辞書編集者を悩ます日本語とはなにか?──『日本国語大辞典』など37年国語辞典ひとすじの辞書編集者がおくる、とっておきのことばのお話。

第270回
“気づかない方言”の「みえる」

 辞書で見つけたことばを付せんに書いて辞書に貼る「辞書引き学習」を小学生に広めるため、この学習法の開発者である中部大学准教授深谷圭助氏と週末は全国各地を回っている。先日もたまたまひと月ほどの間に、愛知、岐阜、三重という東海三県を回る機会があった。
 その折にたびたび耳にしたのが、この地域の人たちがよく使う「みえる」ということばである。「みえる」と言っても、「猫は暗闇でも目が見える」のような、見ることができるという意味ではない。あるいは「あの人は年よりも若々しく見える」のような、そのように感じられるという意味でもない。
 「先生が黒板に図を描いてみえる」「この話はすでに新聞で読んでみえたとは思いますが」
などのように使うのである。東海三県ご出身の方の多くは、何の話だと疑問にお思いになるかもしれない。だが、千葉県出身の私にはまったくなじみのない「みえる」の使い方なのである。
 以前私が編集を担当した辞典に、『標準語引き 日本方言辞典』(佐藤亮一監修)という方言辞典がある。その辞典には都道府県別の方言概説を掲載しているのだが、その愛知県の解説に、「尊敬表現にはテミエルがよく使われる。ヨンデミエル(読んでおられる)、カイテミエル(書いておられる)。この用法は方言と気づいていない人が多い。」とある。
 また、三重県の解説にも、「北三重地方では敬語が多彩である。「居る」「来る」の尊敬語にゴザル、ミエル、オイデルがあり、尊敬表現の補助動詞としても使われる。テミエルは現在もよく使われる。カイテミエル(書いておられる)。」と書かれている。

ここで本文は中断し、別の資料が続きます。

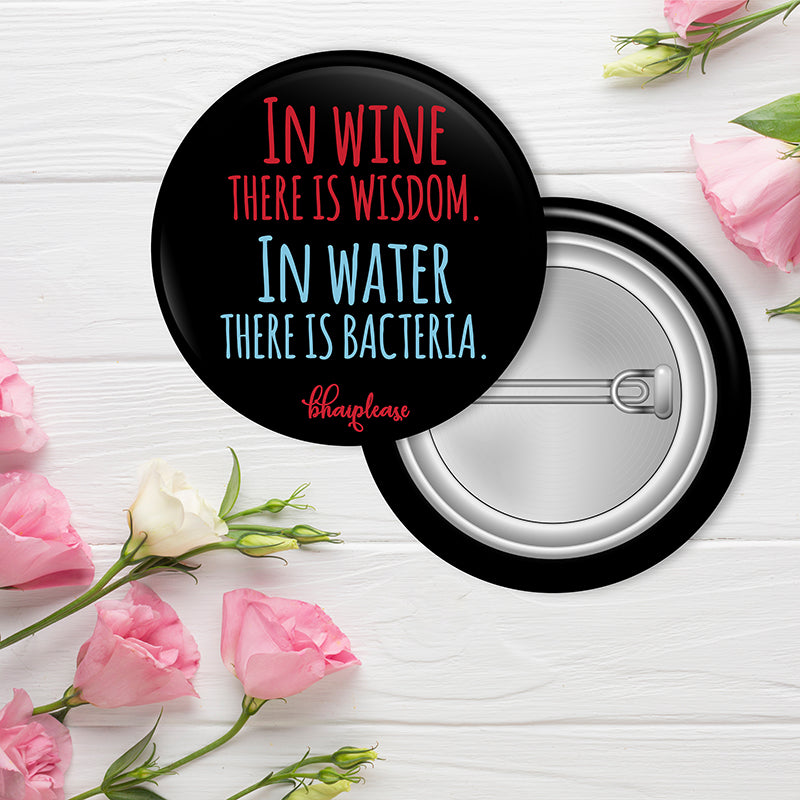 In Wine There Is Wisdom In Water There Is Bacteria Pin Badge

 岐阜県に関してはこの辞典では「みえる」への言及はないのだが、別の辞典(『日本語便利辞典』)で都道府県別の代表的な方言を10語ずつ選定した方言集を掲載したことがある。それには、岐阜、愛知、三重という東海三県でいずれも「みえる」が選ばれている。ちなみに岐阜県の解説は以下のような内容だ。

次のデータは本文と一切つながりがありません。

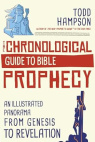 Chronological Guide to Bible Prophecy -. An Illustrated Panorama of God's Plans for the Future - An Illustrated Panorama from Genesis to Revelation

 「みえる いらっしゃる。「山田さんはみえますか(山田さんはいらっしゃいますか)」「明日はみえますか(明日はおいでになりますか)」【補注】敬語表現として公式の場でも使われるため、多くの人が共通語だと意識している。 」
 以上のことからもおわかりのように、この「みえる」は東海三県では共通語だと意識されている、いわゆる“気づかない方言”なのである。
 このような「みえる」の用法がなぜ生まれたのかというと、「方言チャート」でおなじみの東京女子大学教授の篠崎晃一氏は「共通語の『見える』は『来る』の尊敬語として『先生がみえる』『社長がおみえになる』のように使われるが、その用法が広まったわけだ。」と説明している(篠崎晃一+毎日新聞社『出身地がわかる!気づかない方言』)。同書によれば「見る」の場合の尊敬表現は「見てみえる」となるそうだからおもしろい。“気づかない方言”はこのような文法的なパターンだとさらに気づかれにくくなるらしい。
 第77回で取り上げた「はぐる」は私にとっての“気づかない方言”で、このような自分自身の“気づかない方言”を気づかされたときは、気恥ずかしさの入り交じった驚きがある。一方、人のそれに気づいたときは、なぜか得したようなちょっぴり温かい気持ちになる。